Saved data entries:
◆ ◆ ◆

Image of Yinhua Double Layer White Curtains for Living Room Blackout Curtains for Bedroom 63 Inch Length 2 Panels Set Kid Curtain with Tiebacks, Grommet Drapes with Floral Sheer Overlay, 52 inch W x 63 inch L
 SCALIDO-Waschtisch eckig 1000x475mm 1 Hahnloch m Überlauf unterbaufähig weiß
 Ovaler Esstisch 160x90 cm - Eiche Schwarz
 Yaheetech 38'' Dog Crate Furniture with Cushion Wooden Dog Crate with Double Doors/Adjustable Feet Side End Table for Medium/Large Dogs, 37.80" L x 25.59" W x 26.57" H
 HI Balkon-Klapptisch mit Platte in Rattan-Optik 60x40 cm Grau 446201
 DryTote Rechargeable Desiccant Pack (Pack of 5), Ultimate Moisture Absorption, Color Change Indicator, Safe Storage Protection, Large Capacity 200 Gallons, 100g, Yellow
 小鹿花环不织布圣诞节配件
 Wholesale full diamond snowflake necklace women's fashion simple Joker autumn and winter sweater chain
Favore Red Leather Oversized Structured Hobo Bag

◆ ◆ ◆

Problem. Throughout the data above, copy all lines where the word "Large" is found.

Answer box.
 Yaheetech 38'' Dog Crate Furniture with Cushion Wooden Dog Crate with Double Doors/Adjustable Feet Side End Table for Medium/Large Dogs, 37.80" L x 25.59" W x 26.57" H
 DryTote Rechargeable Desiccant Pack (Pack of 5), Ultimate Moisture Absorption, Color Change Indicator, Safe Storage Protection, Large Capacity 200 Gallons, 100g, Yellow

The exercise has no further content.